The Sidereal Messenger drew the attention of
the western world to what the telescope could do. In his book Galileo explained
how he had observed many more stars than could be seen with the unaided
eye - more than were seen by the ancient astronomers. This argued eloquently
against the presumed perfection of ancient science, so dear to his Aristotelian
antagonists. Later in 1610, Galileo observed the phases of Venus, hitherto
unpredicted by the Ptolemaic theory, although not prohibited by Tycho's
arrangement of it, a fact that Galileo overlooked, to his eventual cost.

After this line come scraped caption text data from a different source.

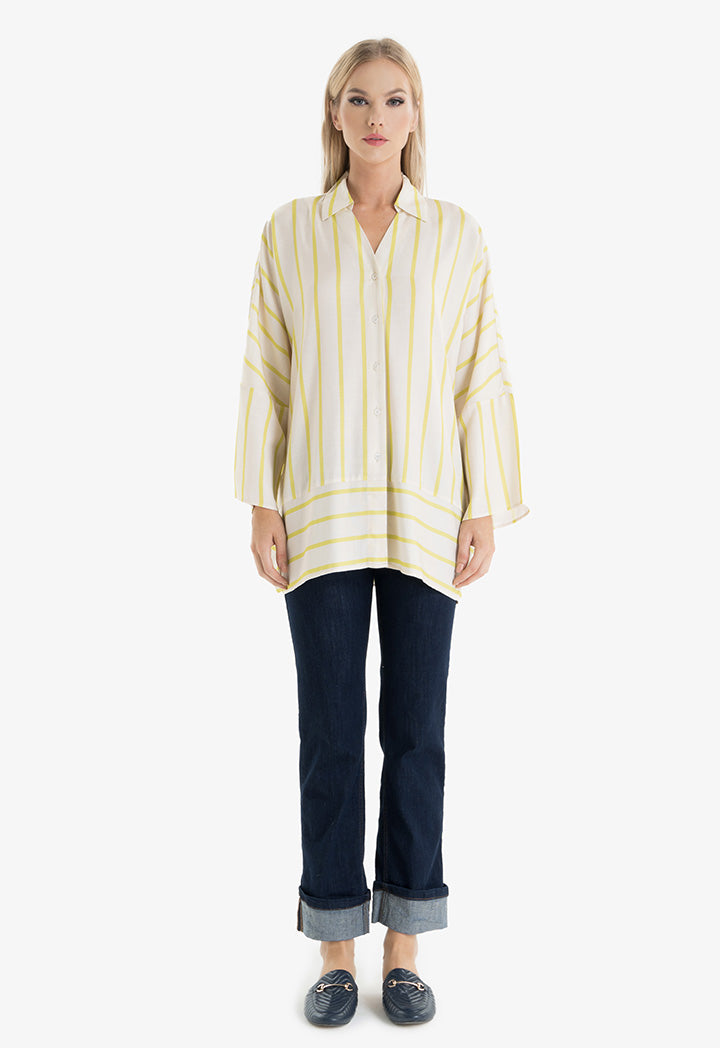 Choice Contrast Striped Pattern Shirt  Sand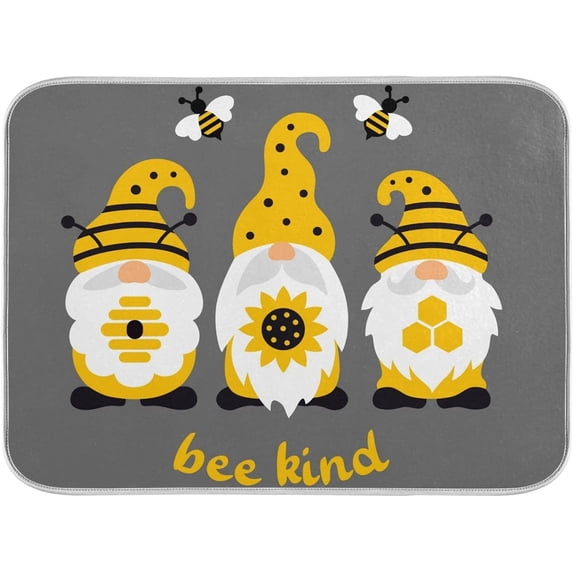 GZHJMY Dish Drying Mat Gnome Sunflower Honey Bee Kind Microfiber Absorbent Drying Pad Heat Resistant Counter Kitchen Island Top Protector Stovetop Cover 18" × 24"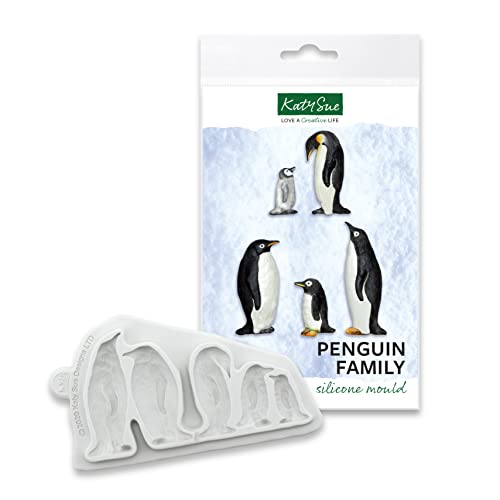 Katy Sue Designs CE0114 Penguin Family Silicone Mould Silikonform Pinguinfamilie, grau von Katy Sue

He reported the 'triple' nature of the planet Saturn, whose rings remained
unresolved by his crude instrument. It was to continue to puzzle him for
many years. Sometime between 1610 and 1611 he also observed sunspots, although
it was one of his former students, Benedetto Castelli, who devised a safer
way of observing the Sun's disk by projecting its image on to paper. This
discovery also led to an acrimonious dispute with the Jesuit astronomer
Christoph Scheiner who claimed to have discovered them before Galileo.
The manner in which Galileo dismissed both his claim and his explanation
of the effect did much to earn him Scheiner's unmitigated hatred - this
may also have contributed to Galileo's eventual treatment by the Inquisition.